- [EXERCISE INSTRUCTIONS]
Retype all data exactly as given. Pictures should not be retyped.

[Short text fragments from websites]
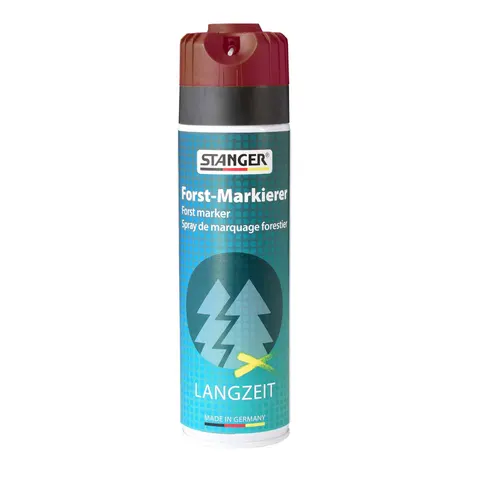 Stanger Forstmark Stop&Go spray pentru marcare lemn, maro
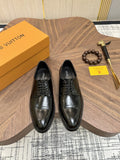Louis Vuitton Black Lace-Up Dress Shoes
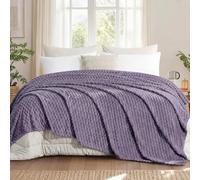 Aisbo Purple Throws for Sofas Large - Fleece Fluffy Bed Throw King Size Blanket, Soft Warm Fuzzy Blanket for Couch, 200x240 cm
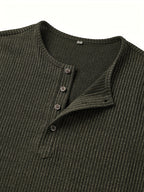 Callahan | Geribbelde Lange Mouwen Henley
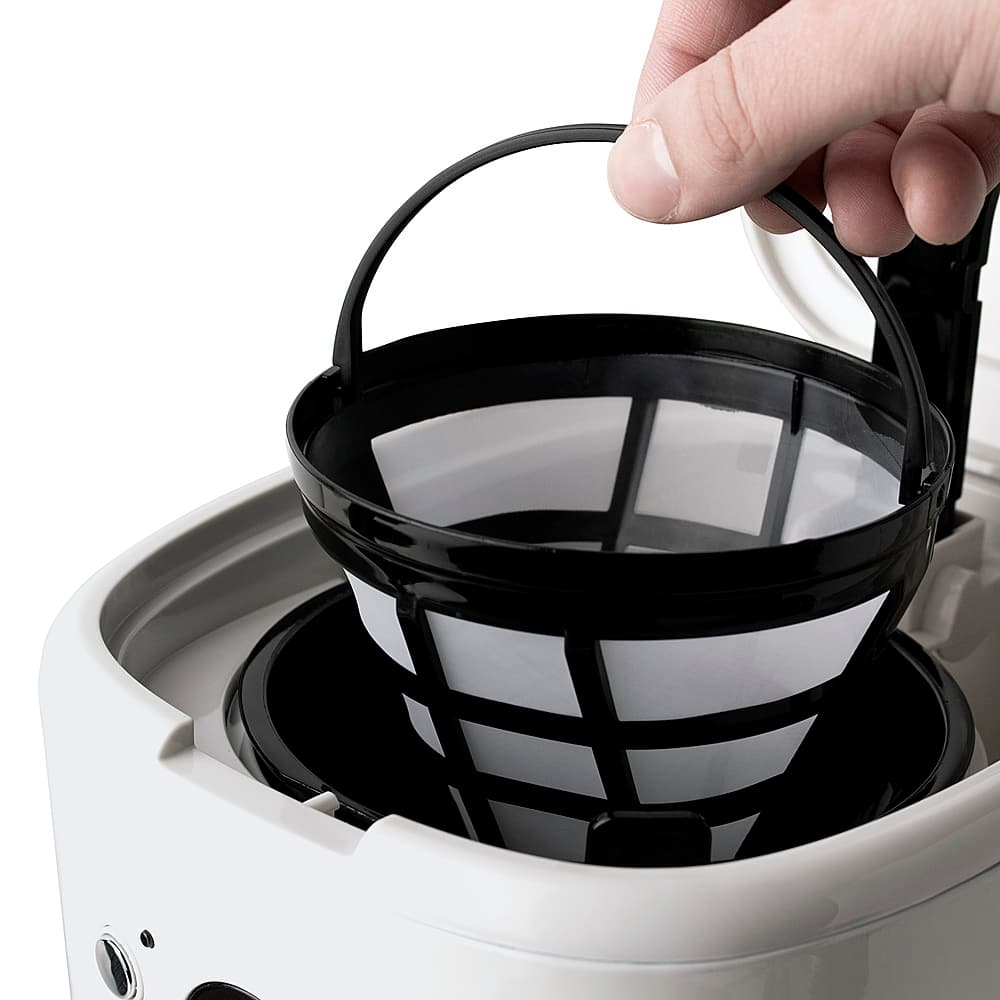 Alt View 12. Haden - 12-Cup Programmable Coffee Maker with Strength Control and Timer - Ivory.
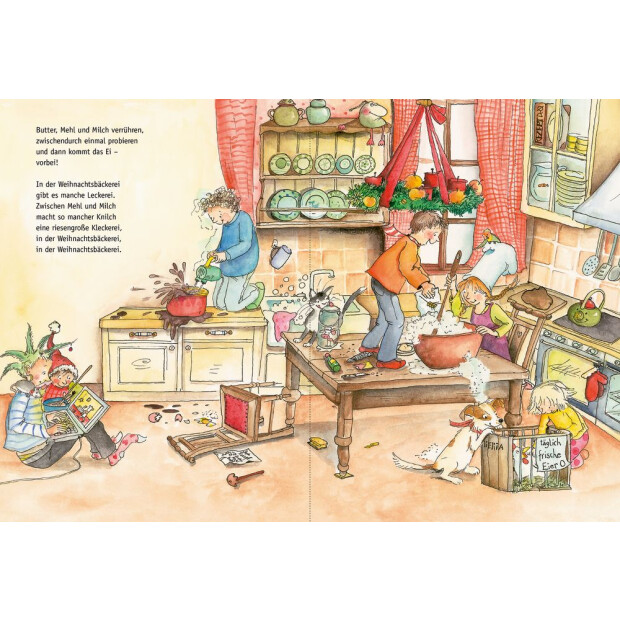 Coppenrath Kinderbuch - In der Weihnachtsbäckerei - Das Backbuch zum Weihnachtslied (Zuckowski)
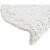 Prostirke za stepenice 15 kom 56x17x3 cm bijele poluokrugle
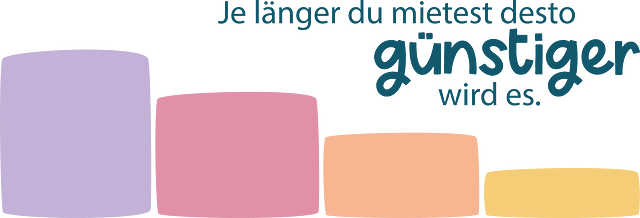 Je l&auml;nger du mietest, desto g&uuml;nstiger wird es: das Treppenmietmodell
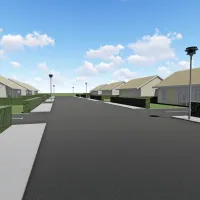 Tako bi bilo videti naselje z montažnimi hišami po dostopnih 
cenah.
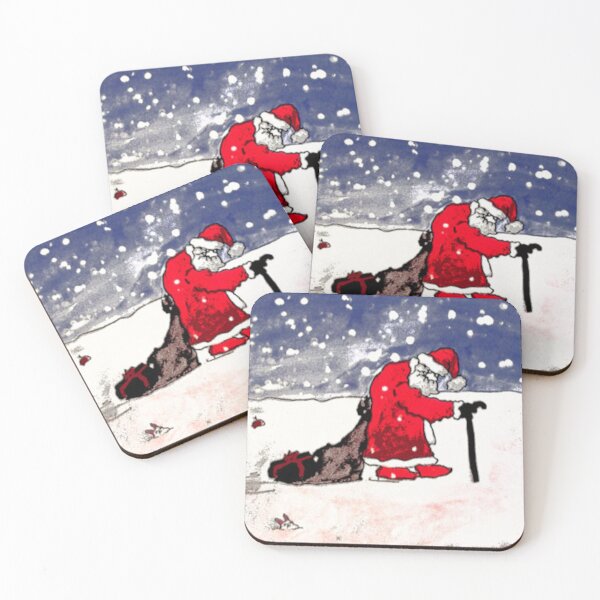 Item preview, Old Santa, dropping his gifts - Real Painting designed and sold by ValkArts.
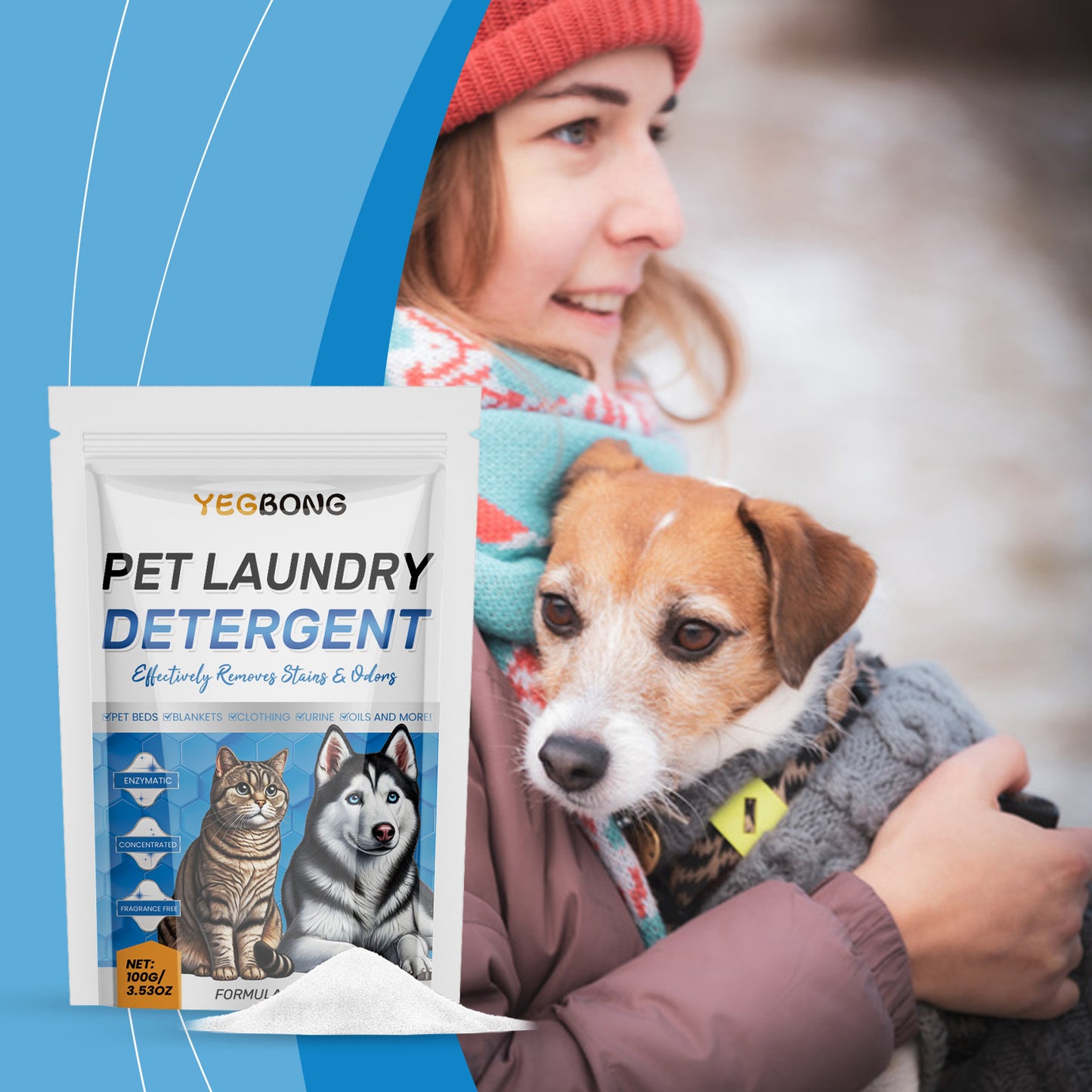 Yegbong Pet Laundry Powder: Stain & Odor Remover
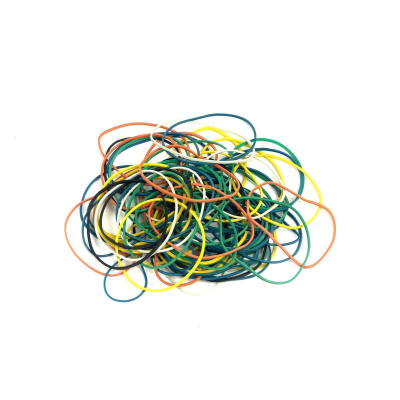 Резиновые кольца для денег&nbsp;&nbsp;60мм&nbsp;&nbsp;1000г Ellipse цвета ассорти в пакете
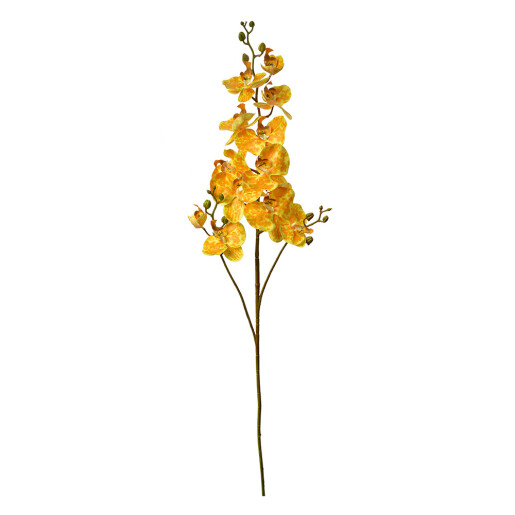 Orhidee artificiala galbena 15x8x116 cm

- [EXPECTED OUTPUT]
 Stanger Forstmark Stop&Go spray pentru marcare lemn, maro
Louis Vuitton Black Lace-Up Dress Shoes
 Aisbo Purple Throws for Sofas Large - Fleece Fluffy Bed Throw King Size Blanket, Soft Warm Fuzzy Blanket for Couch, 200x240 cm
 Callahan | Geribbelde Lange Mouwen Henley
 Alt View 12. Haden - 12-Cup Programmable Coffee Maker with Strength Control and Timer - Ivory.
 Coppenrath Kinderbuch - In der Weihnachtsbäckerei - Das Backbuch zum Weihnachtslied (Zuckowski)
 Prostirke za stepenice 15 kom 56x17x3 cm bijele poluokrugle
 Je l&auml;nger du mietest, desto g&uuml;nstiger wird es: das Treppenmietmodell
 Tako bi bilo videti naselje z montažnimi hišami po dostopnih 
cenah.
 Item preview, Old Santa, dropping his gifts - Real Painting designed and sold by ValkArts.
 Yegbong Pet Laundry Powder: Stain & Odor Remover
 Резиновые кольца для денег&nbsp;&nbsp;60мм&nbsp;&nbsp;1000г Ellipse цвета ассорти в пакете
 Orhidee artificiala galbena 15x8x116 cm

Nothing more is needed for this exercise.